そのため適正価格はしっかり守るようにしましょう。
万が一どうしても心配なのであれば、葬儀社に相談してみてもよいでしょう。

花輪を贈る適切なタイミングはいつ?

葬儀の会場に花輪を贈ることをお考えの場合は、通夜の前日までに届けられるようにしましょう。

理由は2つあります。
まず、そもそも花輪は通夜から葬儀の終わりまでのあいだに飾っておくものという考えが一般的であるためです。
そして比較的大きな飾りである都合上、設置の準備にも時間がかかるため、通夜の当日ではなく前日までに会場に届くようにしておくことが望ましいです。

花輪の注文方法

葬儀で使う花輪は、基本的にはレンタル業者か花屋に連絡をして手配することになります。
ここからは、注文する際の手順を簡単に紹介します。

手順①花輪を送っても問題ないか遺族に確認する

まずは、葬儀会場に花輪を送っても問題ないかどうかを遺族に確認しましょう。
場合によっては、遺族のほうから花輪の受け取りを辞退されることも考えられます。

花輪を辞退する理由は、宗派に関連する内容や心理的なものなど人によってさまざまです。
葬儀の際は遺族の意思を尊重することが大切ですので、万が一花輪の受け取りを辞退された場合は理由の詮索をせずに花輪の手配は遠慮しましょう。

手順②葬儀場に確認する

遺族からも承諾を得られたら、次は葬儀場に確認をとります。
葬儀場の規定によっては、花輪の持ち込みが禁止されているということもあり得ます。
ほかにも、持ち込み料を別途支払う必要のある葬儀場もあるため、ここでも確認が必要です。
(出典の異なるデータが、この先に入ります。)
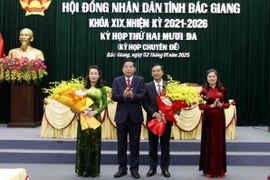 Bí thư Tỉnh ủy Bắc Giang Nguyễn Văn Gấu tặng hoa chức mừng tân Chủ tịch Hội đồng Nhân dân và Ủy ban Nhân dân tỉnh Bắc Giang. (Ảnh: Đồng Thúy/TTXVN)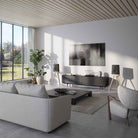 Lyngdorf Cue-100 Speaker lifestyle photo of speakers in living room, pair of black speakers with oak base and no grilles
また、葬儀場から花屋や花輪の手配業者を指定されるという場合もあります。

手順③業者に花輪を注文する

遺族と葬儀場に確認がとれたら、業者に連絡をとって花輪を注文しましょう。
葬儀場から業者を指定されている場合は、指示に従って手配を進めます。

葬儀場への花輪の手配はマナーを守って故人や遺族を尊重しましょう

いかがでしたか?
今回は、花輪の意味やその種類、平均相場について解説してきました。

花輪は故人や遺族に対しての想いを伝えるために贈るという役割がありますが、贈る際は遺族と葬儀場に確認をとってから手配しましょう。

葬儀のような弔事は頻繁にあるものではないため、マナーについてご不安に感じられている点が多い方もいらっしゃるのではないでしょうか。
もし困ったことがあれば、葬儀社に相談して進めましょう。